::: COLLECTED MATERIAL :::
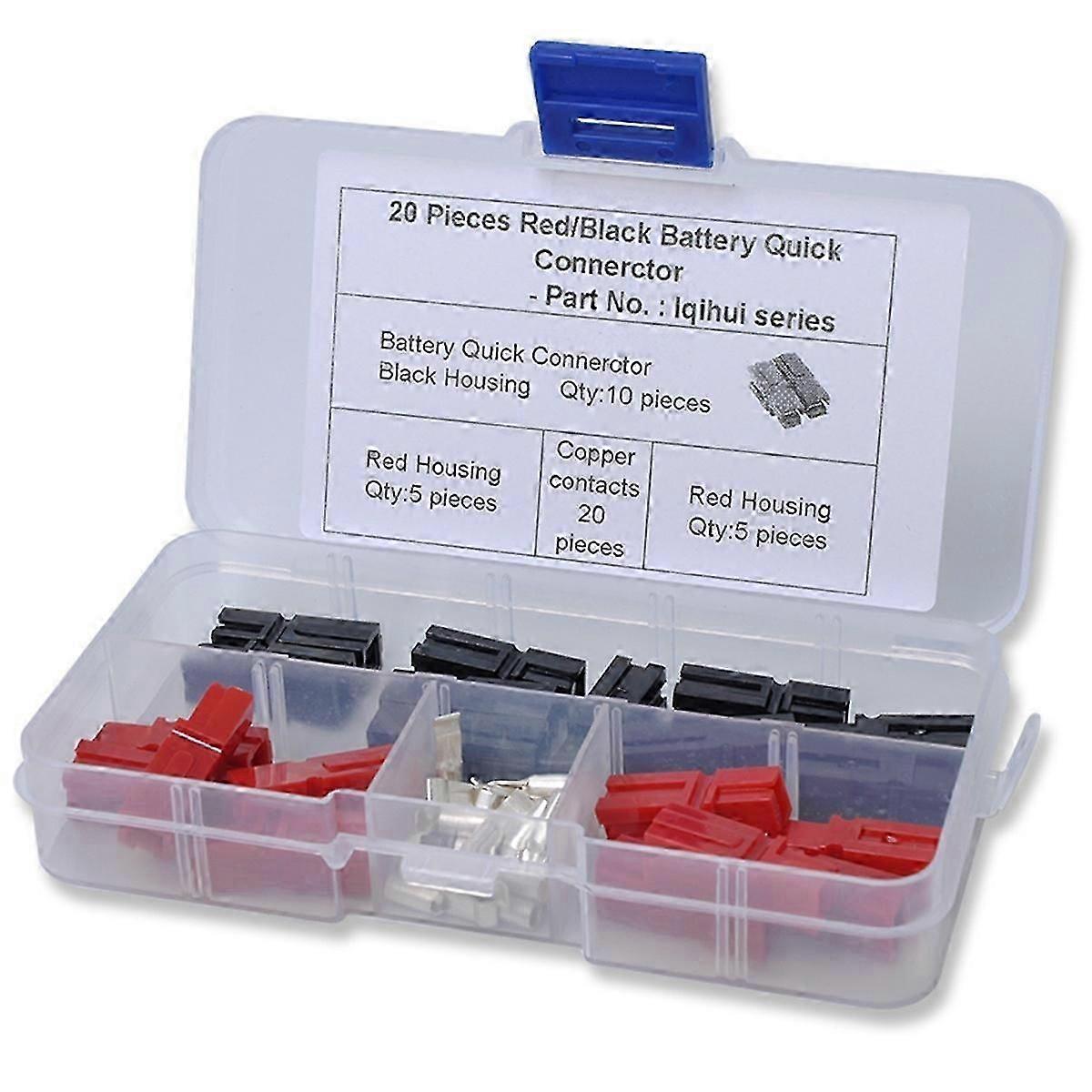 Type A 10 Pairs For Anderson 30A Car Battery Power Supply Connector Powerpole Electrical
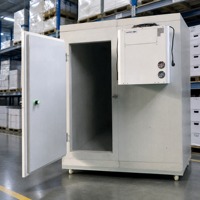 Chambre froide commerciale, température contrôlée, anti-corrosion, stable pour le stockage d'aliments surgelés, de produits laitiers et de boissons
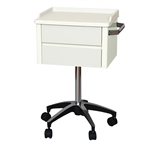 UMF Mobile EKG Cart, 5 wheel base, 2 drawers, 20"W x 33.5"H x 16.25"D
:::
**WHAT YOU SHOULD DO:** All of the data is to be reproduced exactly, with the pictures left out.

**EXPECTED OUTPUT:**
 Type A 10 Pairs For Anderson 30A Car Battery Power Supply Connector Powerpole Electrical
 Chambre froide commerciale, température contrôlée, anti-corrosion, stable pour le stockage d'aliments surgelés, de produits laitiers et de boissons
 UMF Mobile EKG Cart, 5 wheel base, 2 drawers, 20"W x 33.5"H x 16.25"D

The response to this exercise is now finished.